The survey, conducted by an independent research firm, included responses from 1,400 CFOs from a stratified random sample of U.S. companies with more than 20 employees.
“The demands of today’s financial executives are taking a toll on their work/life balance due to the number of hours they put in at the office,” says Scott Patenaude, vice president of the Houston Region of Robert Half Management Resources.
Smart Business talked to Patenaude about what it takes to make the transition from executive to consultant.
Why are financial executives interested in becoming consultants?
Flexibility is the No. 1 benefit because consultants have the ability to control their schedule. Also, for those seeking to bridge the gap to full-time employment, consulting is a great way to test-drive a position or company.
What types of consulting projects are in demand today?
Financial groups within companies need services that can help them cut costs, increase operational efficiencies, meet regulatory requirements and improve their accounting processes. Companies today are requesting consultants to support a variety of projects, including internal audit, financial and SEC reporting, and tax. They are also brought in to work on large-scale initiatives, such as financial systems upgrades, mergers or acquisitions and business process improvement efforts.
What type of person is best suited for consulting work?
Those who thrive on new experiences, have an entrepreneurial spirit, and are committed to ongoing learning tend to be the most successful consultants. Those who prefer the predictability of working for a single employer with regular hours may not be best suited for consulting work. Some professionals don’t like the idea of marketing their services or handling the paperwork associated with working independently. For these people, working with a specialized staffing company enables them to focus on the project and not the administrative aspects of consulting.
Is a certain personality type more inclined for consulting work?

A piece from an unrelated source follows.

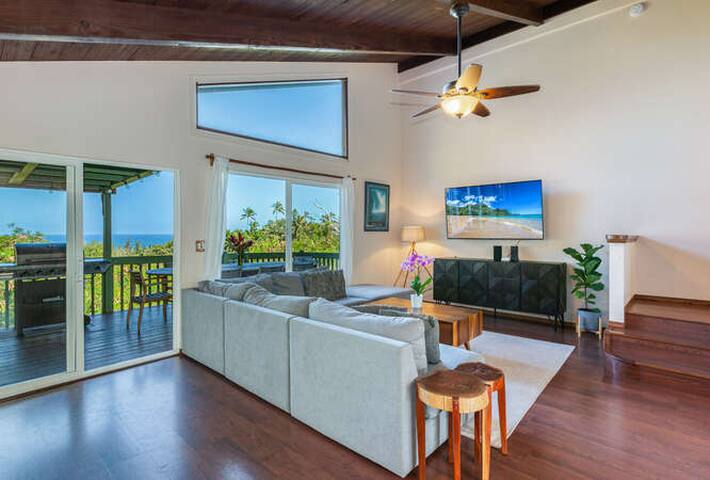 Hale Ohia: w/ Pool, Ocean/Mountain Views & BBQ gallery image 2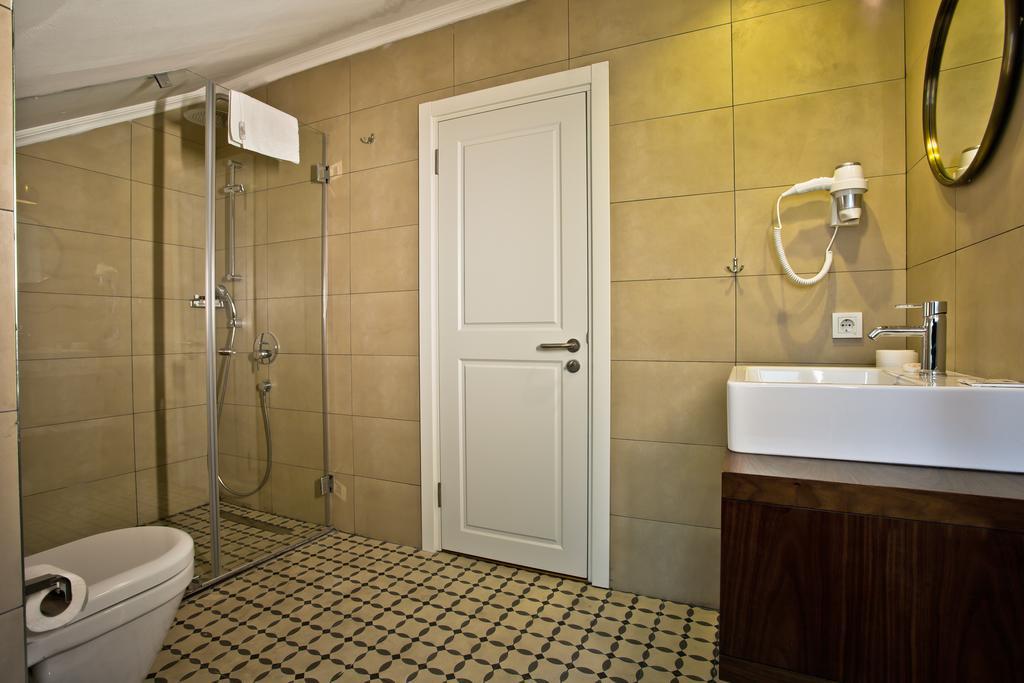 Hotel Blanche & Garden Pool 3*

Someone who is independent and enjoys a challenge and stretching themselves. I’ve seen people fresh out of school who really like the variety and challenge that comes from working in different environments. I’ve also seen people nearing retirement age who don’t want to retire and have a lot of skill sets built up over the length of their career. What’s great about the consulting lifestyle is that it provides a large degree of flexibility. Consultants can work very hard, taking on multiple projects, and then take time off between engagements. They dictate their own hours.

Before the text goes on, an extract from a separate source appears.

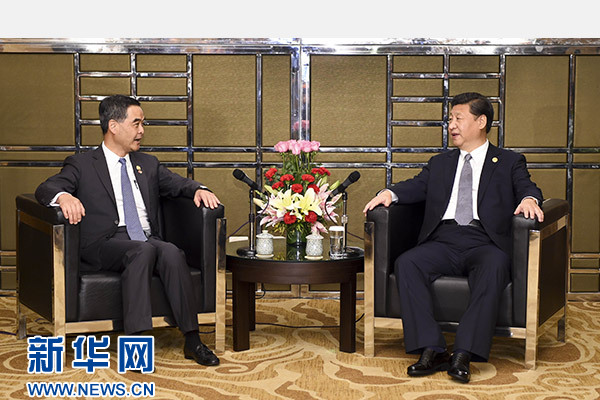 11月18日，國家主席習(xí)近平在菲律賓馬尼拉會見前來出席亞太經(jīng)合組織第二十三次領(lǐng)導(dǎo)人非正式會議的香港特別行政區(qū)行政長官梁振英。新華社記者謝環(huán)馳攝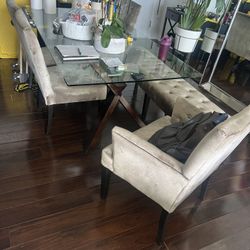 FREE DINING TABLE SET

What other benefits does a consulting career offer?
Consultants are continuously learning. They are exposed to a broad cross-section of companies that afford them opportunities to learn new skills and enhance their existing ones. They can also maintain or attain new certifications. Independent consultants often have better financial control because they’re their own boss; they can set their own rates, depending on what the market will bear. They can also put in as many hours as they want, provided the demand for work is there.
Instead of retiring, some professionals choose to go down the consulting path. It allows for the flexibility of semi-retirement while still contributing to companies in meaningful ways. Consulting can also act as a bridge between jobs. It allows the person to showcase skills to a prospective employer like an audition for the job.
What are the potential disadvantages?
Consultants don’t always get the same perks they had working at an established company. Often, there’s no paid vacation. Health benefits can be an issue, and it’s rare for consultants to acquire equity in a company. While being a consultant clearly provides greater control of your time, it doesn’t necessarily mean you’ll work fewer hours. If you’re working from home, it could also be difficult to separate your personal life from business.
There may also be periods of financial instability.
What benefits are there for companies that use consultants?
A big benefit is cost efficiency and effectiveness. Companies only pay consultants when they use their services. In fact, consultants can help companies uncover inefficiencies in their own processes and make improvements.
Also, there is very little ramp-up time because consultants often move from one environment to the next. They can quickly jump in and need very little direction. They can also impart their knowledge to full-time staff during the engagement.